I have been reading Amy Tan since I was a teenager. I still have hard copies of her books on my shelf. I was annoyed the other day when I realized that somehow my copy of "The Joy Luck Club" went missing and had to go out and purchase another copy. I have been waiting for weeks now to get this copy of her memoir from the library. I was initially pretty happy with the memoir, but it was a very hard read to get through.
"Where the Past Begins" I have to say does give you insight into some of Tan's most famous works such as "The Joy Luck Club," "The Bonesetter's Daughter", and "The Kitchen God's Wife." You find out that she used her mother and maternal grandmother for inspiration for some of her characters. For example, the story in "The Joy Luck Club" that follows An-mei Hsu that tells about how her mother was raped by a rich man and forced to become his concubine/fourth wife. We find out that a similar situation happened to Tan's grandmother.

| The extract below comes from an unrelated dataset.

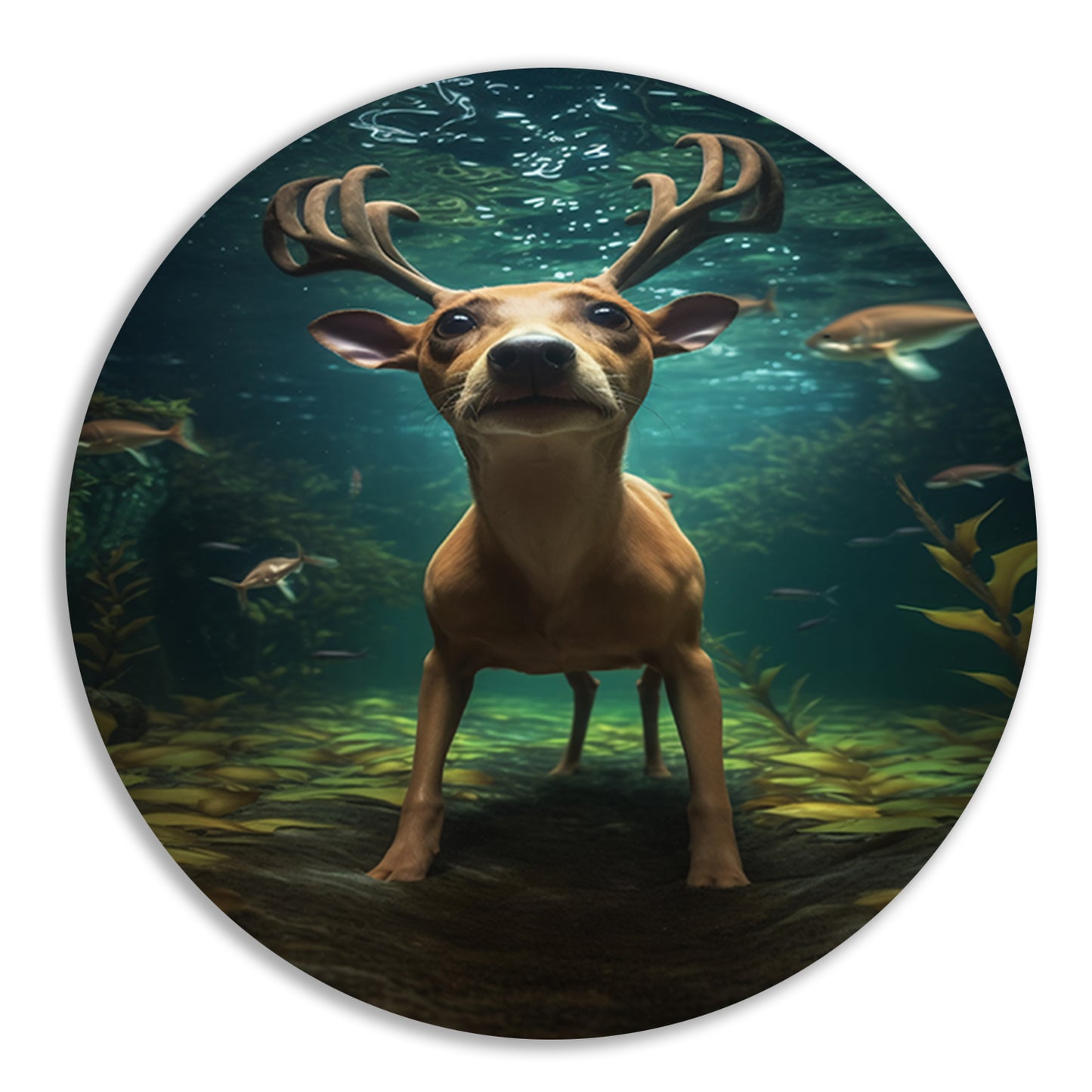 Hert zwemt onder water in surrealistische droom forex muurcirkel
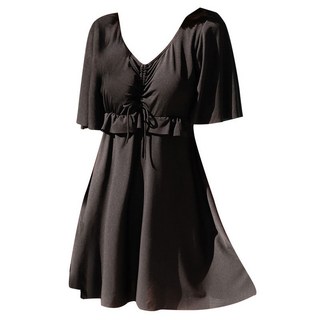 大尺碼泳衣 黑色 素色加大泳裝 泡溫泉 媽媽泳衣 遮手臂泳衣 寬袖 大寬擺 連身裙 連身泳衣 人魚朵朵, 單一尺吋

When the memoir gives you glimpses into the events that have shaped her stories, the book really shines. I had more problems when the book took on things that I think would have better served being cut such as Part V Reading and Writing and a portion titled "I Am The Author of This Novel."
I am fascinated by Tan's family's history and the strongest portions of the book really are when she talks of her mother and even her father. It sounds like her parents had to struggle to be together and then when they came to America there were still issues that Tan's mother was trying to overcome. Some of the incidents sounded very shocking, and one wonders how she can keep going on as she had with seemingly no bitterness.
I also didn't realize that Tan's father died when she was a teen as well as an older brother. I think if we got a straight forward memoir that I would have enjoyed this more. I think jumping back and forth chronologically made things confusing. We also had Tan including the same information about her mother and maternal grandmother in different sections which made the book feel a bit repetitive. I outright disliked one of the chapters, Chapter Ten Letters to the Editor. It is just emails back and forth between her and her editor.
Tan includes some insight into the Shanghainese and what makes them so different. I really enjoyed that she included pictures of her family as well as drawings that she has done. That tipped things up enough for me to give this two stars.